Вася лукаво усмехнулся и выпустил пухлый клуб дыма:
– Его напарник был моим приятелем.
– И твой приятель следил за ветеринаром? – спросил Кадыков.
– Мой приятель следил за тем и за другим. Я сам хочу знать тайники Жадова, у нас с ним особые счеты.
– И что же узнал твой приятель? – спросил Кадыков.
– К сожалению, не самое главное… Но узнал, что ветеринар выследил, открыл это место. И предъявил Жадову счет. Тот принял его условие.
– Какое условие? – спросил Кадыков.
– Затребовал триста рублей чистыми, иначе – донос. Мне, говорит, чужое не надо. Отдай, мол, за мои дрова хоть треть.
– А что Жадов?
– Согласился отдать. С тем и пригласил его на базар в Тиханово.

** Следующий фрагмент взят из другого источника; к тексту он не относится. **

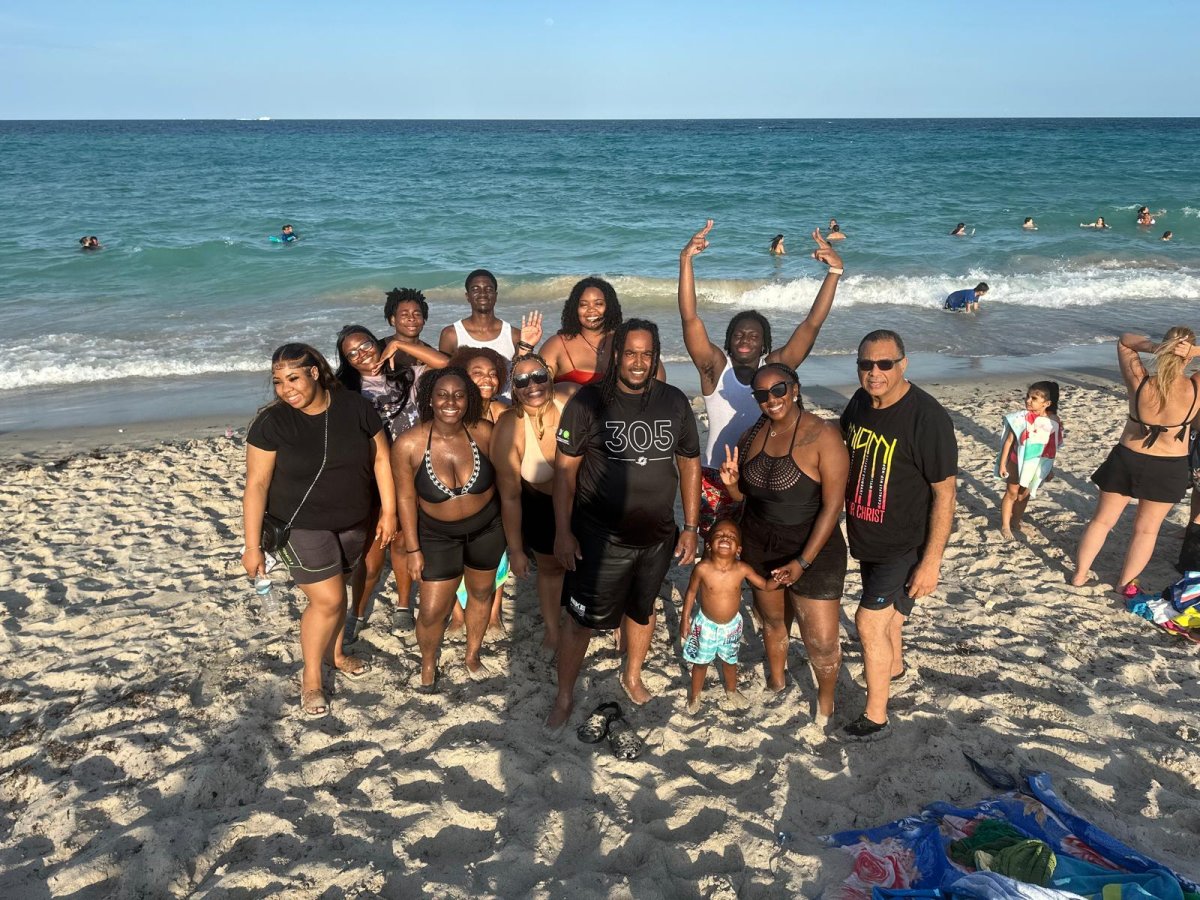 Photograph for story: Beach Fellowship With Praying Pelicans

– Все это очень может быть… Но я не вижу доказательств, – сказал Кадыков.
– Погоди… Появятся и доказательства. А теперь слушай дальше. Ветеринар приехал на базар якобы для того, чтобы продать кожаную тужурку. Допустим, он ее продал. Тужурка стоит от силы сорок рублей. А ветеринар в шинке у Нешки Орехи похвастался, вынимал из кармана целую пачку червонцев. Вон Федька вам может рассказать. Где он? Маклак! – закричал Белоногий.
– Лошадь на полдни угнал, – сказал Андрей Иванович.

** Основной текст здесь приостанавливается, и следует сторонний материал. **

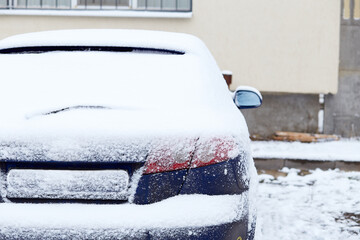 Window of car parked on the street in winter day, rear view. Mock-up for sticker or decals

– А кто еще видел ветеринара в шинке? – спросил Кадыков.
– Там много народу было, в карты играли. Это установить – пара пустяков. Труднее узнать другое – где был этот ветеринар целый день?

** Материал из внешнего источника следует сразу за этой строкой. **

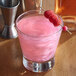 A glass of pink drink with Spirdust Pink Cocktail Shimmer and raspberries on a toothpick.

– Никто его на базаре не видел? – спросил Кадыков.
– Появился он только под вечер возле коопторга без куртки и пьяный. Песни играл. Потом зашел в шинок к Нешке и еще добавил… Ну, а что было дальше – кто его встретил в овраге, с кем? Неизвестно. Одно я только хорошо знаю – он требовал денег за свое молчание. Ему дали эти деньги, и он замолчал навеки.
– Когда ты успел все это узнать? – спросил Андрей Иванович.
– С утра пораньше, – ответил Вася.
– Извини, – сказал Кадыков, – но твоего приятеля я должен вызвать на допрос.
– Повремени малость. Он слишком на виду, – сказал Вася. – Иначе всю операцию погубишь.
– Да что у вас за операция?
– Мы и лошадь Андрея Ивановича засекли…
– Кобылу? – аж привстал Андрей Иванович.
– Да, твою кобылу. На ней Жадов приезжал в Елатьму. Но где он ее прячет, пока неизвестно. А брать Жадова надо только с поличным. Иначе вывернется. В Ермилове у него ничего нет. Он живет чисто. Дайте нам еще неделю срока… Мы вам пошлем сигнал и навалимся на него сообща.
– Ладно, – сказал Кадыков. – Подождем.